» **Aim of the exercise**
Excluding pictures, what does the listing below contain from the line with "WĄŻ PNEUMATYCZNY ZAKUWANY 10X17MM 10M KD1465" up to and including the line with "White Gold Jewelry thumbnail-1", word for word?

» **Dataset**

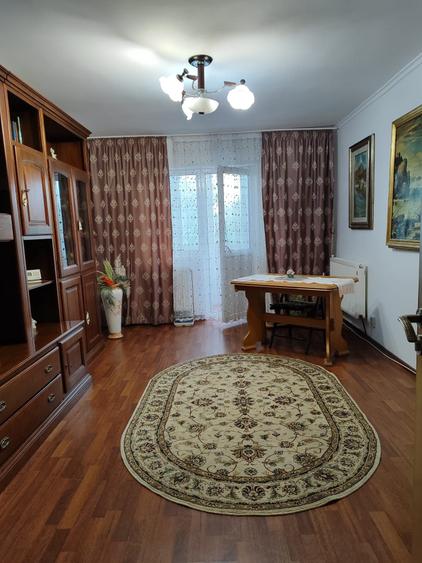 Apartament cu 2 camere decomandat în Tudor Vladimirescu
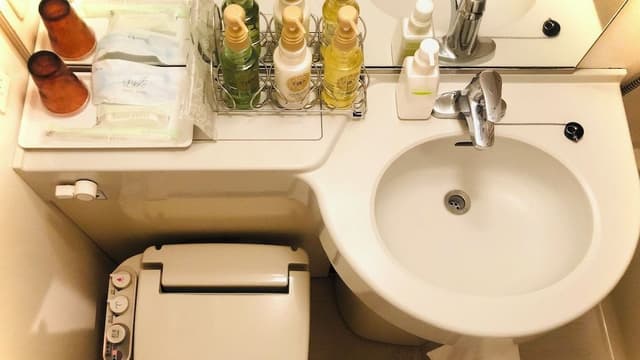 Standard Double Room, 1 Double Bed, Non Smoking, Private Bathroom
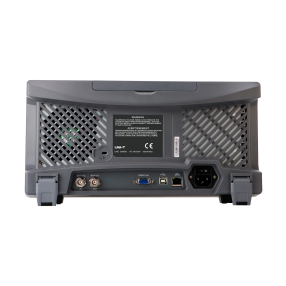 MSO2102 - Oscilloscopio 100 MHz  2+16 CH  8"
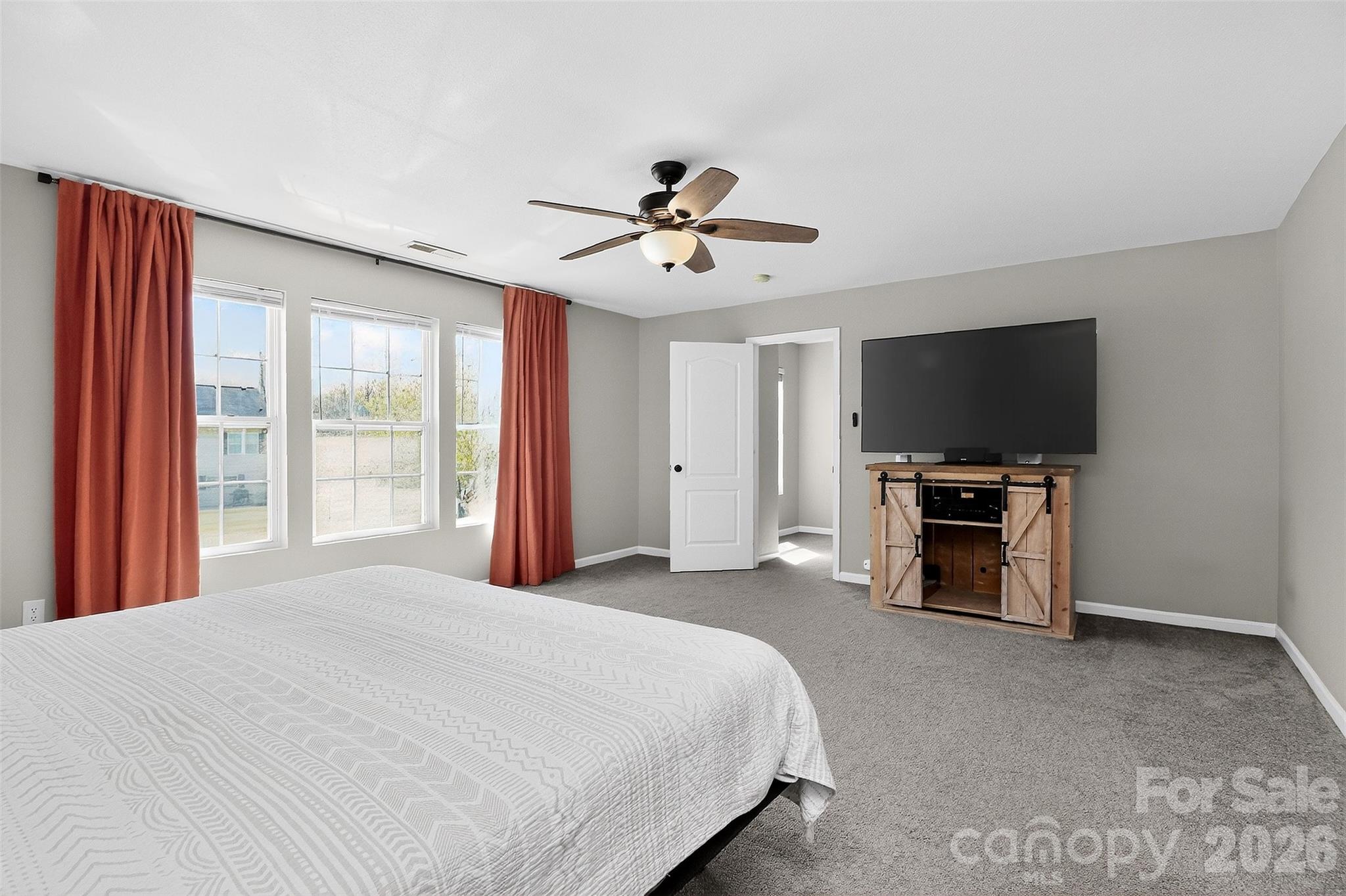 Single Family Residence at 1340 Indian Charley Court, Clover, photo 23 of 48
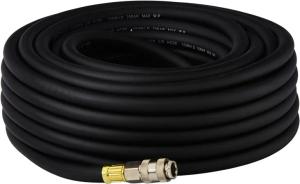 WĄŻ PNEUMATYCZNY ZAKUWANY 10X17MM 10M KD1465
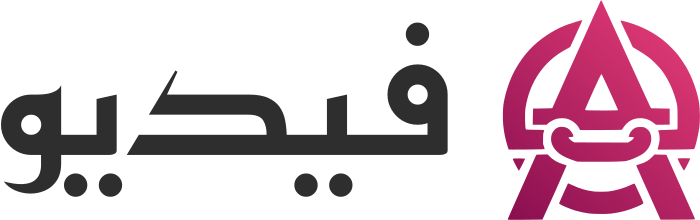 تصميم شعار فيديو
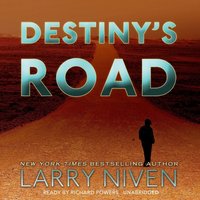 Destiny's Road - Larry Niven - audiobook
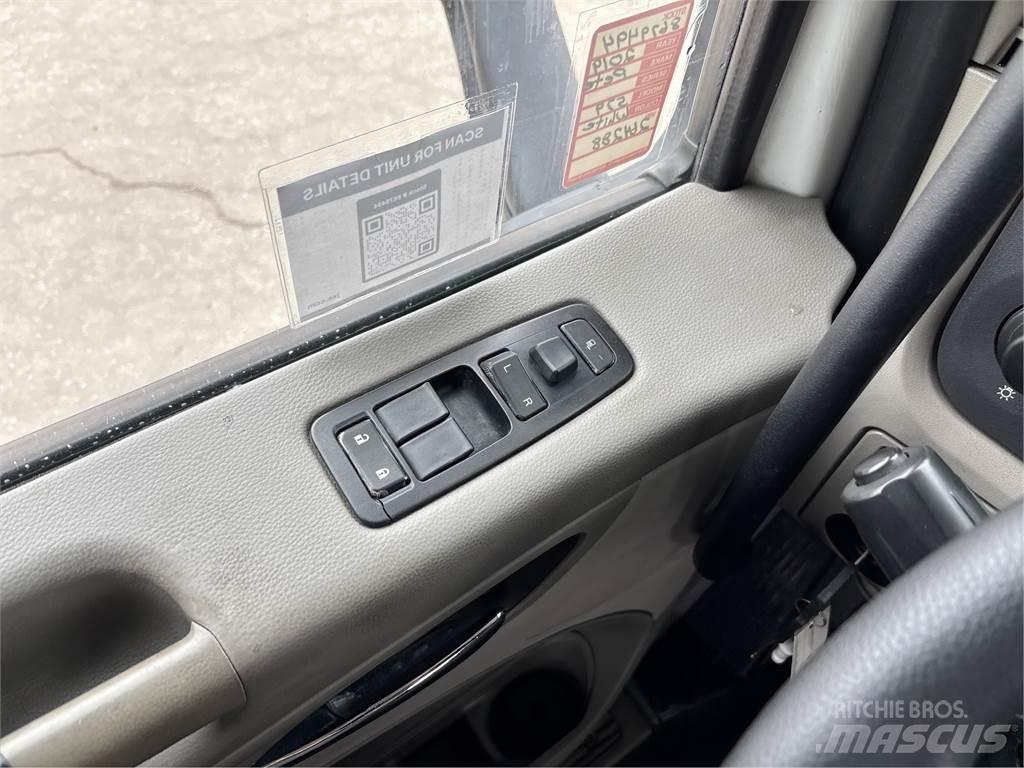 Peterbilt 579 Тягачі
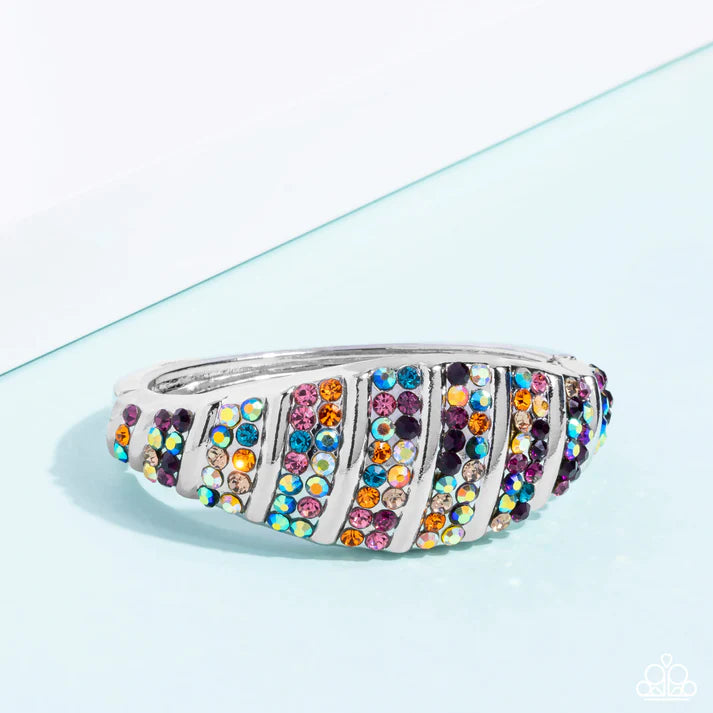 Refined Report - Multi Bracelet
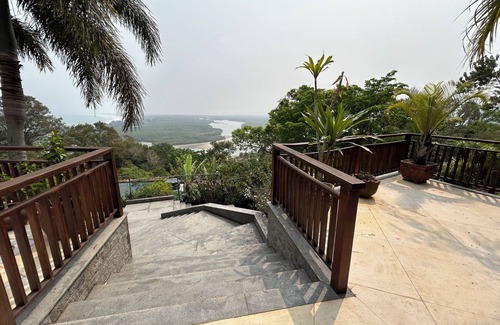 Barra de Guaratiba House | Wonderful Guaratiba Bar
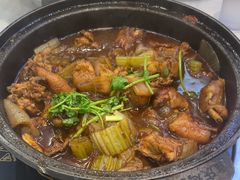 -重庆鸡公煲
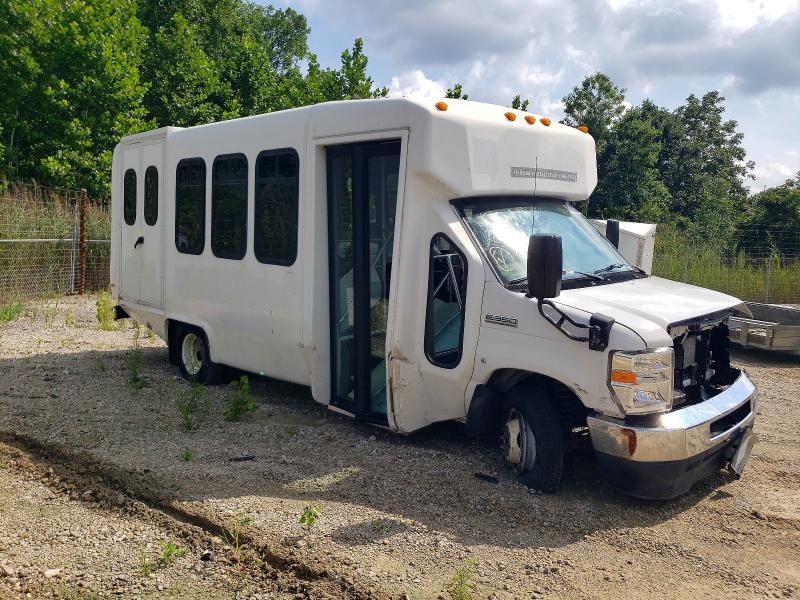 Продаж на аукціоні авто 2021 Ford Econoline E350, vin: 1FDEE3FN8MDC21836, номер лоту: 57604716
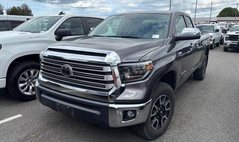 2021 Toyota Tundra Limited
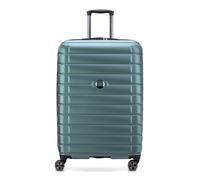 Delsey Paris Shadow 5.0 Carrello a 4 ruote 76 cm gruen (2878821-03)
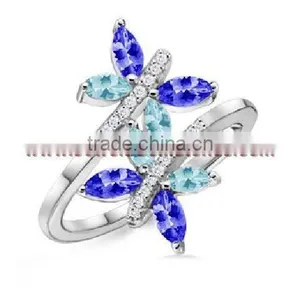 White Gold Jewelry thumbnail-1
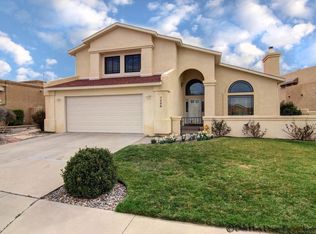 7220 Lew Wallace Dr NE, Albuquerque, NM 87109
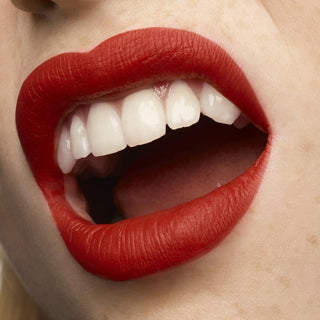 Buy Yves Saint Laurent Rouge Pur Couture The Slim Velvet Lipstick -307 Fiery Spice - Cult Beauty Pakistan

» **Expected answer**
 WĄŻ PNEUMATYCZNY ZAKUWANY 10X17MM 10M KD1465
 تصميم شعار فيديو
 Destiny's Road - Larry Niven - audiobook
 Peterbilt 579 Тягачі
 Refined Report - Multi Bracelet
 Barra de Guaratiba House | Wonderful Guaratiba Bar
 -重庆鸡公煲
 Продаж на аукціоні авто 2021 Ford Econoline E350, vin: 1FDEE3FN8MDC21836, номер лоту: 57604716
 2021 Toyota Tundra Limited
 Delsey Paris Shadow 5.0 Carrello a 4 ruote 76 cm gruen (2878821-03)
 White Gold Jewelry thumbnail-1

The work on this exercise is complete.